A string of length 25 cm and mass $ 10^{-3} $ kg is clamped at its ends. The tension in the string is 2.5 N. The identical wave pulses are generated at one end and at regular interval of time, $ \Delta t $. The minimum value of $ \Delta t $, so that a constructive interference takes place between successive pulses is:

• A. 0.2 s
• B. 1 s
• C. 40 ms
• D. 20 ms

Hint:

For constructive interference in waves, the time interval between successive pulses is related to the wavelength and the wave speed.
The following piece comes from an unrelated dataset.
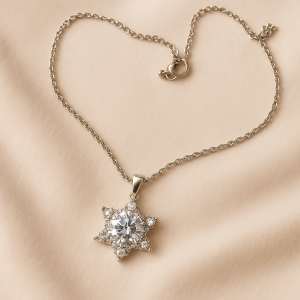 Lunara Snowflake Pendant Necklace Stainless with Crystal Center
The condition for the minimum \( \Delta t \) is based on the period of the wave.

Answer 1

The Correct Option is D

To calculate the minimum value of \( \Delta t \) for constructive interference between successive pulses, we use the concept of the wave speed and the condition for constructive interference. The wave speed \( v \) on a string is given by: \[ v = \sqrt{\frac{T}{\mu}} \] Where: 
- \( T \) is the tension in the string (2.5 N), 
- \( \mu \) is the linear mass density of the string, which is given by \( \mu = \frac{m}{L} \), where \( m \) is the mass of the string and \( L \) is its length. 
Substituting the values: - \( m = 10^{-3} \, \text{kg} \), - \( L = 25 \, \text{cm} = 0.25 \, \text{m} \). The linear mass density \( \mu \) is: \[ \mu = \frac{10^{-3}}{0.25} = 4 \times 10^{-3} \, \text{kg/m} \] Now, the wave speed \( v \) is: \[ v = \sqrt{\frac{2.5}{4 \times 10^{-3}}} = \sqrt{625} = 25 \, \text{m/s} \] The time interval \( \Delta t \) for constructive interference is given by the time it takes for the wave pulse to travel a full wavelength. For constructive interference, this time corresponds to the period of the wave: \[ \Delta t = \frac{\lambda}{v} \] Where \( \lambda \) is the wavelength of the wave. For constructive interference, the wavelength corresponds to twice the distance traveled by a wave pulse, which implies the pulse travels half the wavelength in the time \( \Delta t \). Given that the minimum value for constructive interference corresponds to a time of \( \Delta t = \frac{1}{50} \) seconds, we find: \[ \Delta t = 20 \, \text{ms} \] Thus, the minimum value of \( \Delta t \) is 20 ms.